(Stored data entries)
____________
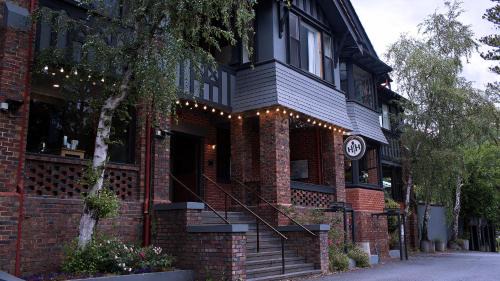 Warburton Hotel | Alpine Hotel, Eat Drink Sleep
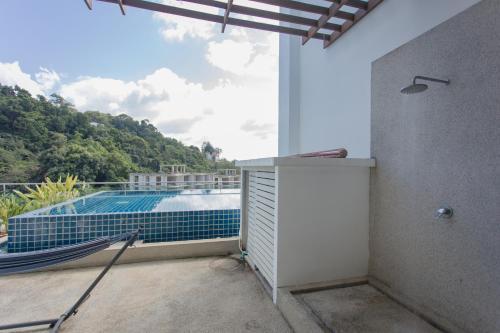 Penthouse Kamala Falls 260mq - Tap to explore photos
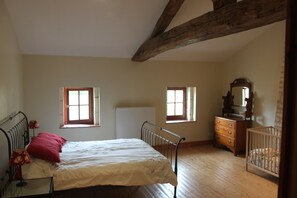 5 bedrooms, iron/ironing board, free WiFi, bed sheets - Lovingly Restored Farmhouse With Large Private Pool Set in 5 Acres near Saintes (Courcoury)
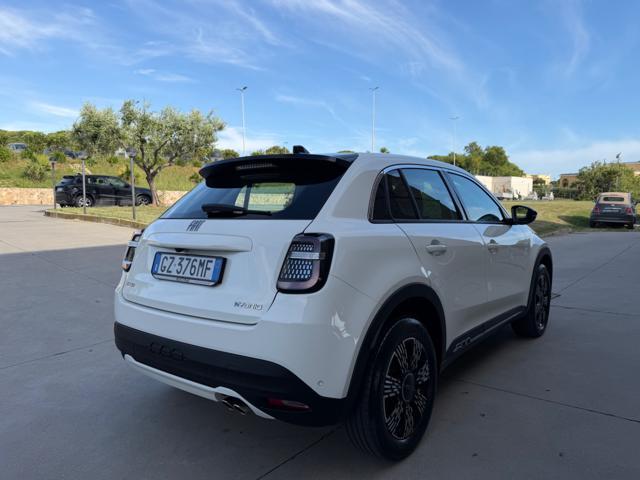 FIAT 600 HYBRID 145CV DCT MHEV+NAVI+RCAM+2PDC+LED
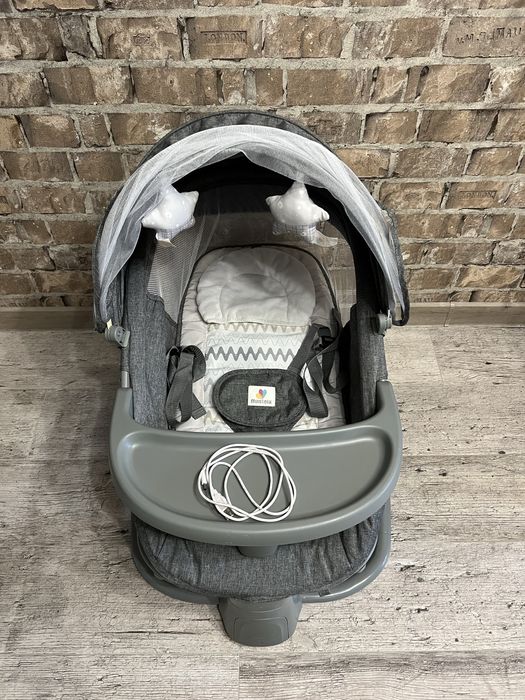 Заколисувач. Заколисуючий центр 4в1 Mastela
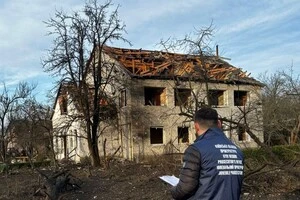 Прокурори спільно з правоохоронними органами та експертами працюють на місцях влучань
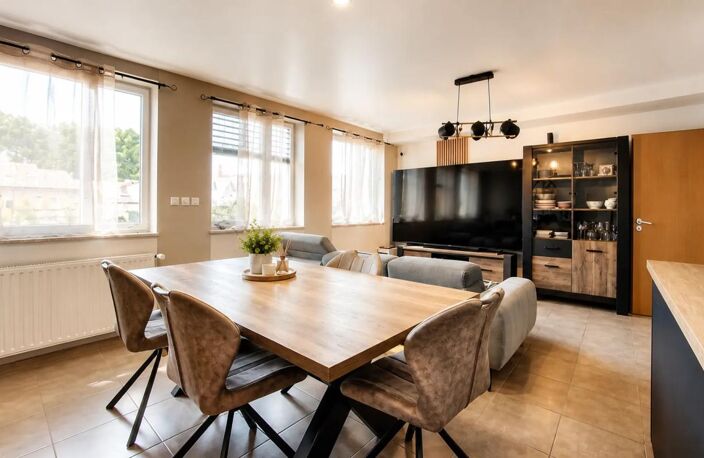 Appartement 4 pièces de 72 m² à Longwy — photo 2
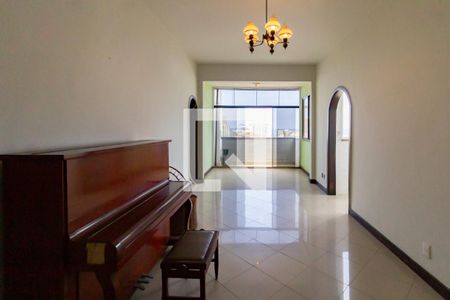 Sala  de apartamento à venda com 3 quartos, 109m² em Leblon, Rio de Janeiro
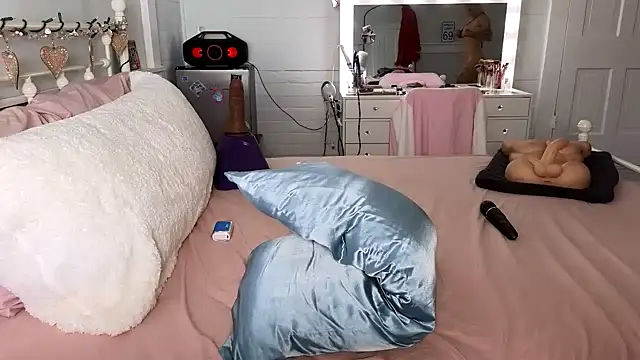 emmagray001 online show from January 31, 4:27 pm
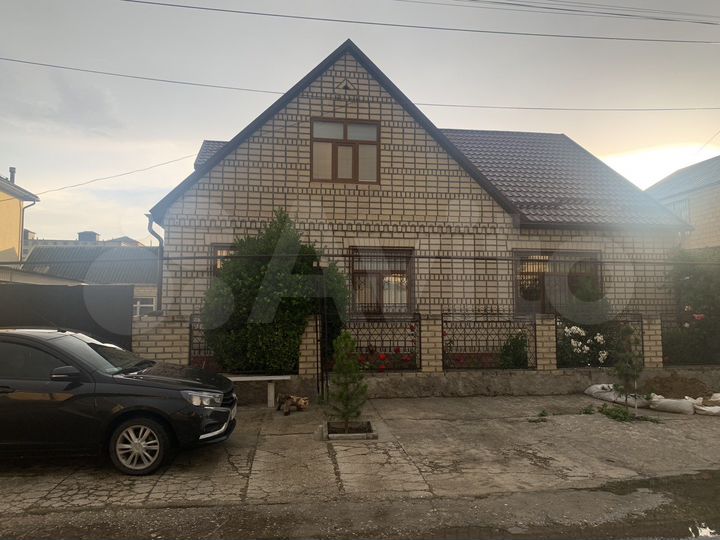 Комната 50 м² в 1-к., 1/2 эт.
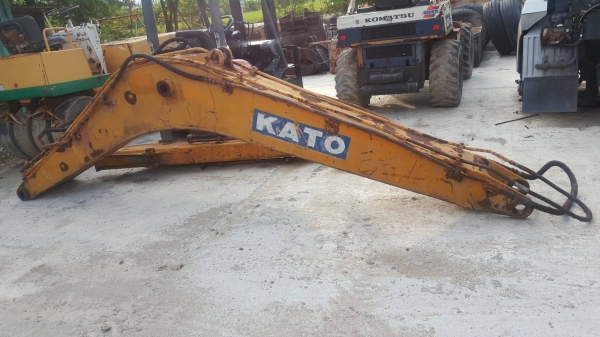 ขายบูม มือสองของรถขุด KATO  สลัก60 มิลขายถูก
____________
- **DESCRIPTION OF THE TASK**
Please set down each line of the data above exactly as written, without the pictures.

- **ANSWER SECTION**
 Warburton Hotel | Alpine Hotel, Eat Drink Sleep
 Penthouse Kamala Falls 260mq - Tap to explore photos
 5 bedrooms, iron/ironing board, free WiFi, bed sheets - Lovingly Restored Farmhouse With Large Private Pool Set in 5 Acres near Saintes (Courcoury)
 FIAT 600 HYBRID 145CV DCT MHEV+NAVI+RCAM+2PDC+LED
 Заколисувач. Заколисуючий центр 4в1 Mastela
 Прокурори спільно з правоохоронними органами та експертами працюють на місцях влучань
 Appartement 4 pièces de 72 m² à Longwy — photo 2
 Sala  de apartamento à venda com 3 quartos, 109m² em Leblon, Rio de Janeiro
 emmagray001 online show from January 31, 4:27 pm
 Комната 50 м² в 1-к., 1/2 эт.
 ขายบูม มือสองของรถขุด KATO  สลัก60 มิลขายถูก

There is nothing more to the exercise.